Many of those early open source investments were companies like Alfresco, one of my start-ups, which aimed to offer an open source alternative in an established software category. In the case of Alfresco, it was document management. We billed ourselves as the “open source Documentum".

This made marketing easy: Someone else had already spent the money to create the category, and all you had to do was commoditise it through open source. We had open source app servers (JBoss), open source customer relationship management (SugarCRM), open source business process management (BonitaSoft), and more.

But then a funny thing happened on the way to the market. Open source got innovative.

By 2013 open source luminary Mike Olson could declare with a straight face that “No dominant platform-level software infrastructure has emerged in the last 10 years in closed source, proprietary form.” He said that “there’s been a stunning and irreversible trend in enterprise infrastructure” toward open source. He was right. But this actually made picking winners harder for VCs, not easier.
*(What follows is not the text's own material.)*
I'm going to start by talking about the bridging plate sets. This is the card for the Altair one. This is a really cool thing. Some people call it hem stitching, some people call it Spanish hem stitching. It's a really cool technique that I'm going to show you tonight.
Take Confluent, the primary sponsor of the now popular Apache Kafka project. CEO Jay Kreps, in a revealing Twitter thread, reminds us that this wasn’t always the case. “We wrote the initial Kafka code base at LinkedIn in 2009-2010. In 2011 we released the initial Kafka code as open source to...resounding silence. No one cared!”

Put another way, very few were thinking seriously about streaming data back then. Kafka is a publish-subscribe messaging system used for processing real-time streaming and batch-based data processing.
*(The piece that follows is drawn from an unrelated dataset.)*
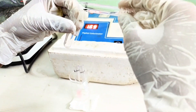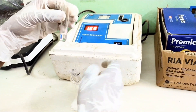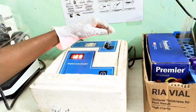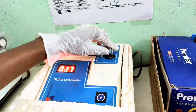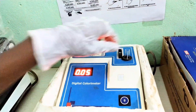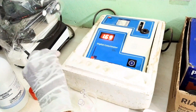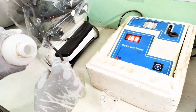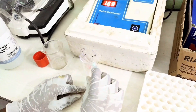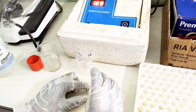Now take the blank sample reading. One by one, clean the glass test tube well with distilled water and tap on tissue paper.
Around the time of Olson’s statement, I spent a year working for Nodeable, which tried to build a business on Apache Storm, giving developers a way to tap into stream-based processing of data. It failed. Lots of start-ups fail.
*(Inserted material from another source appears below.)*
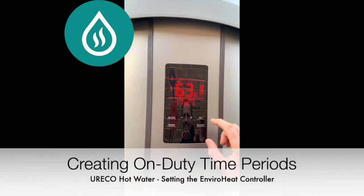If you use ECO mode, you need to create the on duty time periods called L1 and L2. You might set this around certain electricity tariffs or perhaps to prevent it from running at night. One of the most popular options is during the daylight hours if you have solar power. In this scenario, a single on duty time period is required.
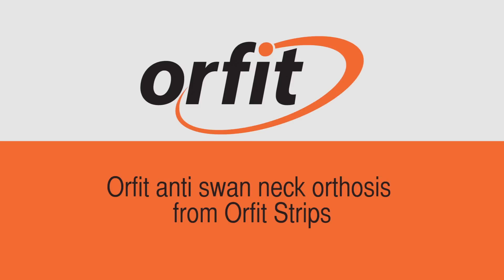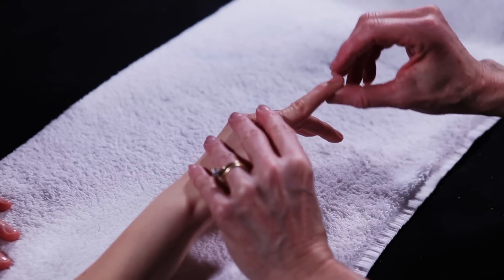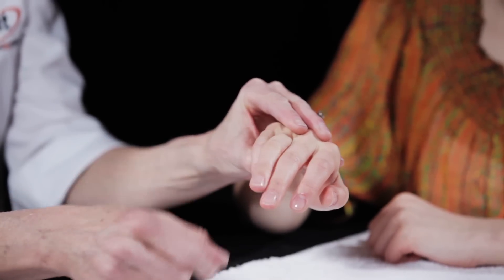Anti-Swan Neck Orthosis from Orphid Strips. This simple anti-Swan neck, or figure-of-8 PIP blocking orthosis, prevents hyperextension of the PIP joint while allowing full active flexion.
Perhaps we did a poor job marketing the company, and maybe our product wasn’t great (both likely true), but mostly we struggled to convince developers that they needed to embrace streaming data.

No one needs convincing today. Streaming data is becoming the norm, and Kafka sits at the heart of it. Back to Kreps: “We had a lot of big ideas: building a data architecture around events, moving from batch to real-time stream processing, doing this around a kind of commit log that brought together real-time change and data storage. We knew it could be a big deal!”

Kreps continues, “But how do you get people to think in a different way about data? Maybe you need a company to help drive it, we thought. But there’s no point starting a company if your product is all about a paradigm that no one wants. How to test that?”

In December 2013, Kreps wrote a blog post about how “event streams could act as a central nervous system for companies and the use of data could transition into real time with stream processing.”

“If the blog is popular,’ he remembers, “maybe there could be a company there. If not, well, maybe this won’t be able to get going. The blog post was really popular! We decided to make the jump and start a company. Confluent was born in September 2014.”

This brings us back to investing in open source. There was once a thought that investing in open source was relatively cheap because you just piggybacked on a project that had taken off with developers.

That still happens, but when open source companies are creating categories, not merely aping them, much more capital may be required. This is certainly the message that MongoDB CEO Dev Ittycheria has given, citing the more than $700 million the company has invested in the product since the project’s inception. There was no document database product for MongoDB to mimic. It has had to spend.

Ditto Confluent, which raised $455.9 million before its IPO. Or Neo4j, an open source graph database company, which has raised over $500 million, including a recent $325 million Series E. And so on.

So no, there never has been a slowing in open source investment since Red Hat lit the fuse in 1999. If anything, it keeps accelerating. And because open source companies must spend heavily to create new markets rather than copying old markets, we can expect the funding to get even bigger, faster. There’s a lot of money in free software, it seems.